→ Brief
Where the line with "JoeDunne_'s tweet photo." appears below, start writing out lines exactly, and finish with the line with "Collection image for: HORNETS", which is included; write out nothing else.

→ Exercise data
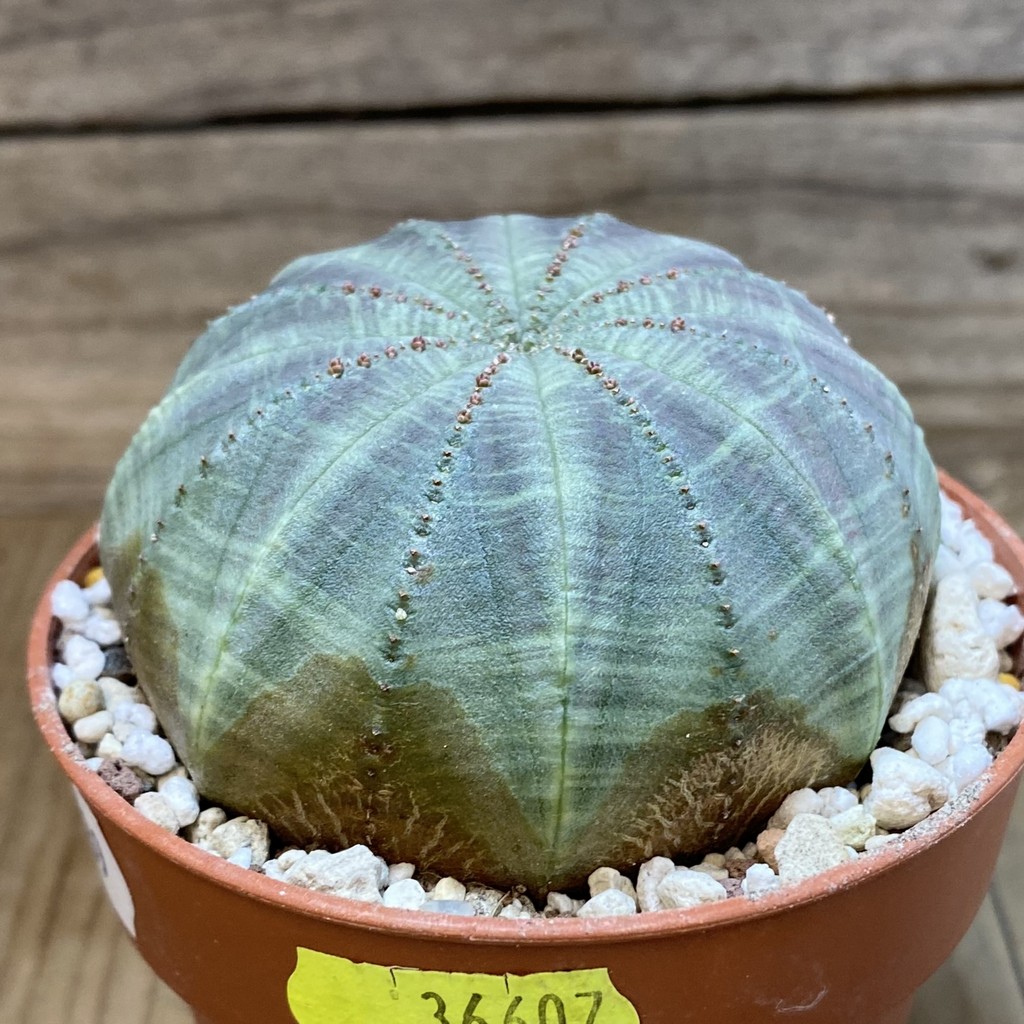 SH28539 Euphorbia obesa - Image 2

--

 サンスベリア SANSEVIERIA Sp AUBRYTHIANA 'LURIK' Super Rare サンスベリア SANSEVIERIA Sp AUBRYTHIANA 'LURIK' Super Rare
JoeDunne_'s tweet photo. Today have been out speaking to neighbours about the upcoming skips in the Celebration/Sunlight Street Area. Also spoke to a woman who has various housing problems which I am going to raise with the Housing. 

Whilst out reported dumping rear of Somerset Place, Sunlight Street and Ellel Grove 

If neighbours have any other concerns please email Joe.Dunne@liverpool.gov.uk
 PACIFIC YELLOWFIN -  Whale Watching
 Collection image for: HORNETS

→ Solution for this exercise
JoeDunne_'s tweet photo. Today have been out speaking to neighbours about the upcoming skips in the Celebration/Sunlight Street Area. Also spoke to a woman who has various housing problems which I am going to raise with the Housing. 

Whilst out reported dumping rear of Somerset Place, Sunlight Street and Ellel Grove 

If neighbours have any other concerns please email Joe.Dunne@liverpool.gov.uk
 PACIFIC YELLOWFIN -  Whale Watching
 Collection image for: HORNETS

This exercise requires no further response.